INTRODUCTION: Pneumococcal conjugate vaccines (PCVs) prevent disease through both direct protection of vaccinated individuals and indirect protection of unvaccinated individuals by reducing nasopharyngeal (NP) carriage and transmission of vaccine-type (VT) pneumococci. While the indirect effects of PCV vaccination are well described, the PCV coverage required to achieve the indirect effects is unknown. We will investigate the relationship between PCV coverage and VT carriage among undervaccinated children using hospital-based NP pneumococcal carriage surveillance at three sites in Asia and the Pacific. METHODS AND ANALYSIS: We are recruiting cases, defined as children aged 2-59 months admitted to participating hospitals with acute respiratory infection in Lao People's Democratic Republic, Mongolia and Papua New Guinea. Thirteen-valent PCV status is obtained from written records. NP swabs are collected according to standard methods, screened using lytA qPCR and serotyped by microarray.
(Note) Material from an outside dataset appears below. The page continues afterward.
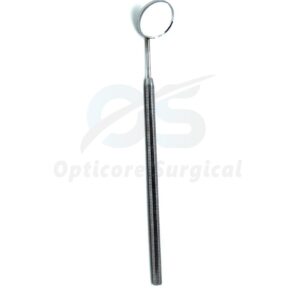 Dental Mouth Mirror – Angled Head with Stainless Steel Handle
Village-level vaccination coverage, for the resident communities of the recruited cases, is determined using administrative data or community survey. Our analysis will investigate the relationship between VT carriage among undervaccinated cases (indirect effects) and vaccine coverage using generalised estimating equations. ETHICS AND DISSEMINATION: Ethical approval has been obtained from the relevant ethics committees at participating sites. The results are intended for publication in open-access peer-reviewed journals and will demonstrate methods suitable for low- and middle-income countries to monitor vaccine impact and inform vaccine policy makers about the PCV coverage required to achieve indirect protection.